2. If `turn_number >= max_turns`, compute `distance_to_relic` for both.
- Shorter distance → winner.
- Equal distance → `winner = null`, `draw = True`.
3. If an invalid move occurs, `winner = opponent`.
**Scoring:**
- `Winner`: +1 point
- `Loser`: 0 points
- `Draw`: both get 0.5 points
---
## 9. Player Prompt Specification
Each `_generate_player_prompt` presents the labyrinth, Explorer positions, remaining gadgets, turn count, and explicit action grammar.
**Prompt Outline:**
```
You are an Explorer navigating a shifting labyrinth.
Your goal is to reach the Relic Tile before your opponent by issuing one of the allowed commands.
Available actions (case-sensitive):
- [Move: N|S|E|W] — Move one tile in a direction if no wall blocks the way.
- [Rotate: x,y,CW|CCW] — Rotate the tile at coordinates (x,y).
- [Activate: Bridge|TrapDisarm|RowShift] — Use one of your gadgets (if available).
Current Turn: 9
You are Player A. Opponent is Player B.
Your position: (0,0)
Relic position: (2,2)
Available gadgets: Bridge, TrapDisarm
Respond with exactly one valid action token.
Put your final answer within \boxed{{}} at the end of your response.
Example valid response:
I will move north to progress toward the relic.
\boxed{{[Move: N]}}
Example invalid response:
\boxed{{Move north}} ← Invalid format; must include brackets and colon.
```
---
## 10. API Mapping Plan
### `reset(seed=None)`
- Creates a deterministic labyrinth with walls, traps, relic, and player starts.
- Initializes `game_state` following schema.
- Adds initial observations describing layout and objectives.
- Returns `obs` for both players.
### `step(player_id, action)`
- Extracts content using `_extract_answer_content`.
- Validates action format and feasibility.
- Updates positions, tile orientations, and available gadgets deterministically.
- Appends the action to `action_history` and `observations`.
- Checks terminal conditions; sets `terminated` and `winner` when satisfied.

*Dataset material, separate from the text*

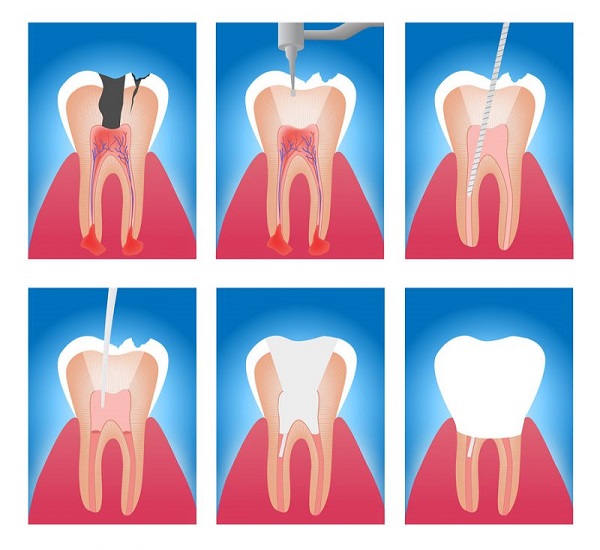 lấy tủy răng xong bị đau, lấy tuỷ răng xong có bị đau không, sau khi lấy tủy răng có đau không, triệu chứng sau khi lấy tuỷ răng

- Returns updated observation and reward outcomes.
### `_generate_player_prompt(player_id)`
- Builds the full text prompt described above, tailored to the players view of current state.
- Queries `game_state` for position, gadgets, current turn, and visible grid.
- Appends example output section.
---
## 11. Copy-Check Against the Example
This design features a **completely unique environment**:
- **Theme:** Spatial navigation and puzzle solving (not negotiation or economy).
- **Terminology:** Explorers, relic, labyrinth, tiles, gadgets — none appear in the example.
- **Game mechanics:** Grid movement and tile transformation — unrelated to offers, deals, or trade.
- **State keys:** (`tiles`, `gadgets`, `relic`, `turn_number`, etc.) are original.
- **Prompt text** describes an exploration challenge, not an agreement or exchange.
Hence, *Labyrinth Conquest* satisfies the requirement to be a distinct, self-contained, deterministic, turn-based navigation environment.